Based on their successes in Nigeria, Seplat’s founder and CEO Dr Bryant Orijako said they are expanding operations in the gas sector where they have invested heavily in drilling and acquisition.
On Wednesday Orijako said they had taken a final decision to develop gas fields in the country’s Imo state and would raise $700 million for investment in partnership with the state-owned Nigerian National Petroleum Corporation.
Seplat is hoping to tap in to the electricity demands of industrial development by turning gas into electricity and focusing on the lucrative mid-stream sector, according to Popoola.
“Mid-stream in the oil and gas sector is a remarkable area for growth and investment. Infrastructure deficits in Nigeria remain immense and one of the ways to unlock that is really investing in mid-stream gas to power.”
He said opportunities also abound to invest in Nigeria’s budding tech sector, where startups are finding solutions to local problems ranging from a lack of healthcare to scaling up the country’s financial sector.
“There’s a technology revolution occurring today, there’s a lot of need for infrastructure around this. Financial services, consumer lending and pay day lending, and using tech to scale up lending, accounts and deposits – we think this is massive,” he said.
Reimagining the oil economy
For the last thirty years Nigeria’s economic growth rate has been tethered to the ebb and flow of global oil prices.
Since 2015 the falling price of crude oil, which provides 90% of Nigeria’s foreign exchange earnings, has left the country short of cash for investment.
To bridge the gap the government needs to industrialise their economy by doing three things, Renaissance Capital’s analysts say.
The first is to invest in human capital and education in order to get literacy levels from 60% today to the 80% range.
They also need to boost investment in electricity per capita to ensure the country has the infrastructure to boost internet penetration and power homes, businesses and corporations.
Shell Nigeria’s managing director recently described Nigeria’s energy gap as disgraceful, saying it leaves some households and SMEs with less than four hours of electricity daily.
Thirdly Nigeria’s industrialisation process will depend heavily on capital investment from local companies such as Seplat investing in infrastructure, and sectors that diversify the economy away from cheap oil.
“Nigeria cannot continue to depend excessively on oil. We see the diversification narrative in which oil remains the platform around which that would happen. And gas development is key.”
“[Economic diversification] is one of the areas that the government needs to do as much as it can to address in order to get investment up from 13-14% of GDP to at least 25%,” Popoola notes.
“The rates of investment in GDP in Nigeria remain massively low, and in the absence of that its very difficult to achieve the growth rates that one would like to see happen.”
Countries without oil resources such as Ethiopia have an investment rate over 35% of GDP and a growth rate of 8-9% a year. Nigeria’s investment rate is 13-14% of GDP, growing at just 2% a year.
As Nigeria looks to the future, major political events will also be key to determining the rate of capital flows to the country.

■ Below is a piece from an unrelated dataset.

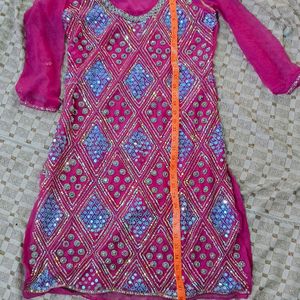 Georgette Kurta Full Front Work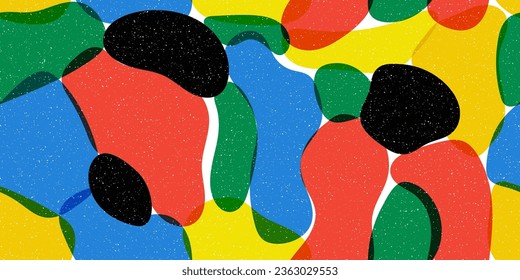 90s style retro seamless pattern with geometric shapes. Multi colored curved spots. Stained pattern with grainy texture. Risograph style background with layering and shifting shapes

With Nigeria’s president Muhammadu Buhari is re-elected for a second term, observers will be watching his next moves closely.
His choices for the composition of his new administration, which officially begins work on 29 May, will be crucial to encouraging investor confidence, Popoola says.
“Everyone is keen to know what the quality of the cabinet is and to see if the lessons have been learned from the last 4 years.”
The choice of the central bank governor on June 2 will also determine any changes to the country’s forex rate, which has fluctuated since 2015 to counter the impact of falling prices for crude oil.
“Everyone will be keen to see whether his tenure is renewed and or whether there will be someone else at the helm.”
Political developments aside, Moscow-based investment bank Renaissance Capital say they have a positive outlook for Nigeria:
“We’ve got a positive outlook. There’s been an overlooked economic miracle in the last five years and we’ve been trying to figure out what happened,” says Charlie Robertson, the bank’s global chief economist.